Ive got one in the freezer im in Reynolds pm me if you want it


----------



## LOGTROLLER (Jan 19, 2013)

thanks again ya'll


----------



## mguthrie (Jan 23, 2013)

Canadian geese? Do they have a passport. There Canada geese


----------



## thompsonsz71 (Jan 24, 2013)

mguthrie said:


> Canadian geese? Do they have a passport. There Canada geese



The few I killed this year showed me their green card right before they got hqmmered


----------



## thompsonsz71 (Jan 24, 2013)

killer elite said:


> They grew up in Columbia county.LOL/LOL/LOL/



All 6 banded at big hart... Haha McDuffie cty sir! Hahaha


----------



## Killer Kyle (Jan 24, 2013)

mguthrie said:


> Canadian geese? Do they have a passport. There Canada geese



*They're

Correct not, lest ye be correct.


----------



## camarine1 (Jan 24, 2013)

mguthrie said:


> Canadian geese? Do they have a passport. There Canada geese




I might sound crazy, but it drives me nuts when I hear/read this correction. 
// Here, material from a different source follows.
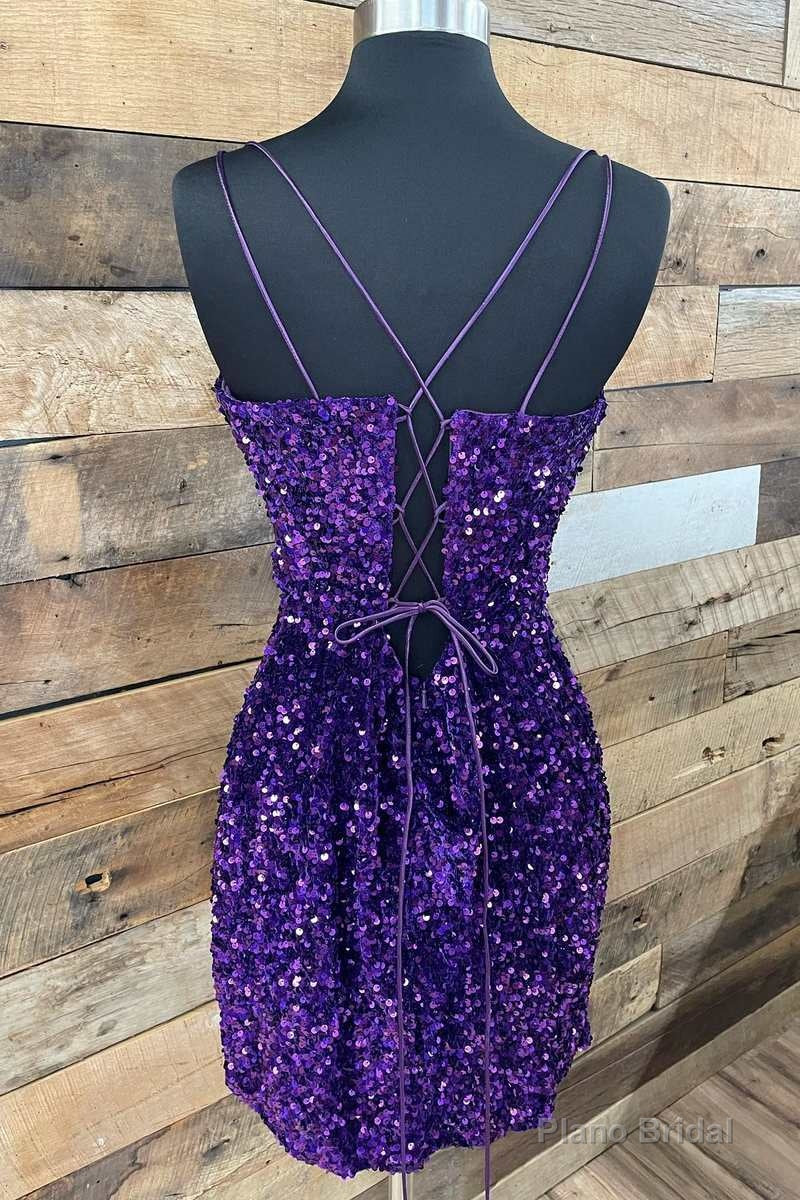 Purple Sequin Plunge V Lace-Up Short Party Dress Secondary image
I have been hunting geese for 13 years and I refer to them as Canadians. Would you correct someone for referring to them as honkers? For that matter, would you correct somebody for calling a Ringneck a "Ringer" or a Northern Shoveler a "Spoonie."

While we are being technical. Which species of Canada goose are we talking aboot, eh? Atlantic, Hudson Bay or Interior, Giant, Moffitt's or Great Basin, Lesser, Dusky and Vancouver.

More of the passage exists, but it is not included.